Thanks, this is great information!
I really hope someone out there will recognize the #2414, that would be so cool..


----------



## Dutch9C1 (Jun 9, 2008)

mpc111 said:


> Don't forget they have Aruba, too.


That's true... but believe me, all Dutch hate Joran van der Sloot because of what we believe he has done.
But i am sure the proof will be delivered, and then we will punish him bad.


----------



## lawdog671 (Sep 20, 2005)

KJ.....2414 was a B troop sled wasn't it???
And in his defense...the Chevy was a great sled....my first cruiser was a 95' Caprice and creature comfort wise....AWESOME...you could run down anything from the BDL..great engines in them....they were wide and heavy with decent suspension that sucked up all the bridge joists and potholes better than the CV's...there was an assload of room up front....comfortable seats...to say I loved it wouldnt accurately describe it....lol.......only real downside I thought were the weak transmissions


----------



## Killjoy (Jun 23, 2003)

> KJ.....2414 was a B troop sled wasn't it???


Maybe..doesn't ring a bell.
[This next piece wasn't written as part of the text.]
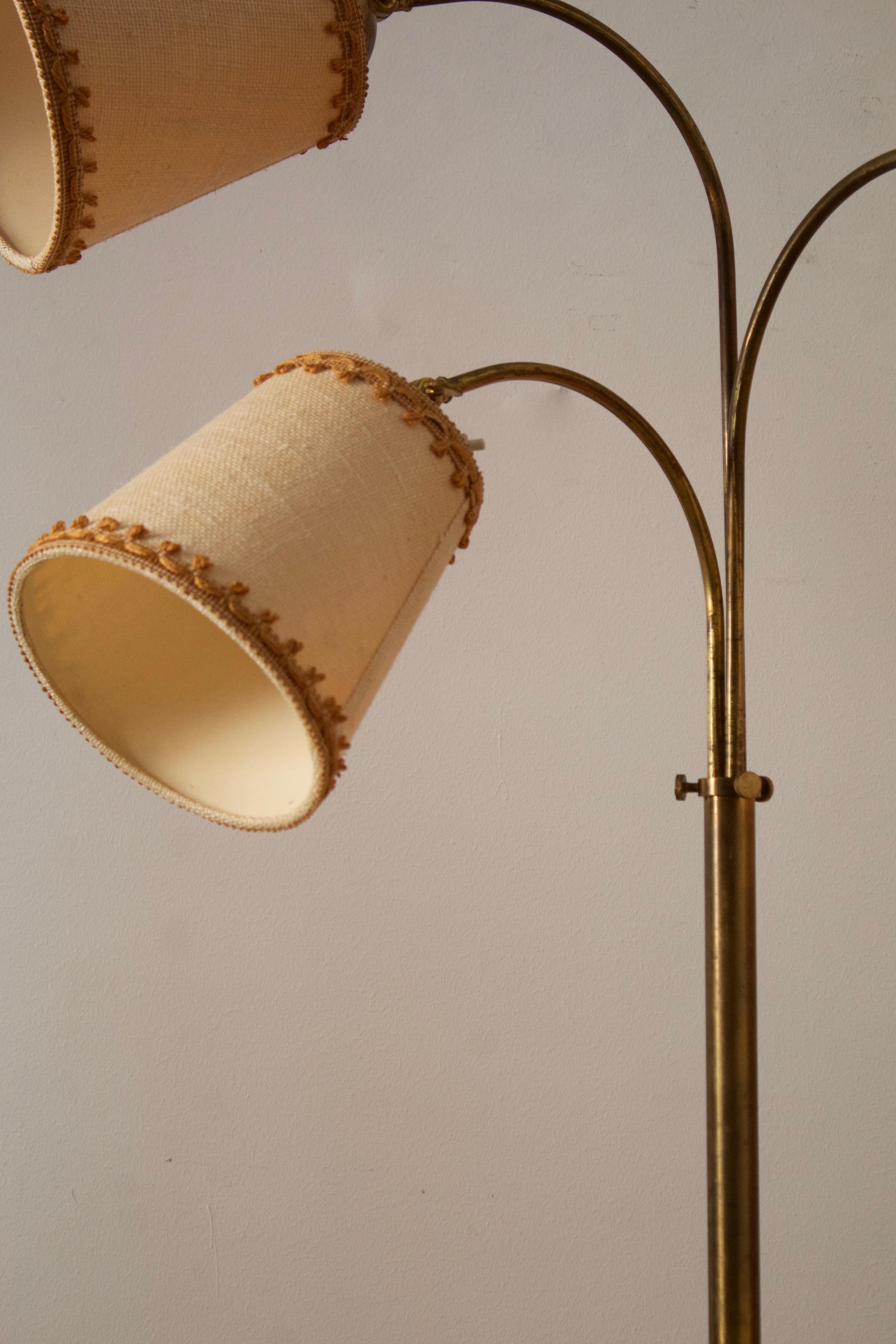 Scandinavian Modern Swedish Designer, Functionalist Floor Lamp, Brass, Fabric, 1940s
A good way to check is to see if they mounted a big B-Troop low-band whip antenna. Check the rear left side panel near or above the rear wheel to see if there is mounting holes for an antenna...if there is, that's a sure sign of B-Troop ride.


----------



## Goose (Dec 1, 2004)

I thought all the old Caprices had them that way...I at least remember seeing a lot of them like that back in the day in A troop.


----------



## j809 (Jul 5, 2002)

Killjoy said:


> Maybe..doesn't ring a bell. A good way to check is to see if they mounted a big B-Troop low-band whip antenna. Check the rear left side panel near or above the rear wheel to see if there is mounting holes for an antenna...if there is, that's a sure sign of B-Troop ride.
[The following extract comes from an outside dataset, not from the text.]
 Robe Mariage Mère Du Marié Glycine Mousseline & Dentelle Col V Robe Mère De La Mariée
All 95 Caprices had the loband antenna. I remember a few friends from D Troop and H Troop all had the big ass whips on them.


----------



## mpd61 (Aug 7, 2002)

j809 said:


> *ass whips*.


Yimmy!

I ALWAYS knew you were into S&M bro!


----------



## Dutch9C1 (Jun 9, 2008)

Yeah my 9C1 also had the big low-band whip antenna.
I e-mailed the headquarters in Northampton.
Maybe they remember the car


----------



## Nuke_TRT (Feb 10, 2008)

Have you tried contacting Liberty Chevy? I believe all of the MSP Caprices were equiped at a satalite location they have in Wakefield, they may have records of the car # and where it went. 

libertychevy.com


----------



## Dutch9C1 (Jun 9, 2008)

I will contact them immediatly 

Thanks


----------



## Dutch9C1 (Jun 9, 2008)

Nobody responded yet, too bad


----------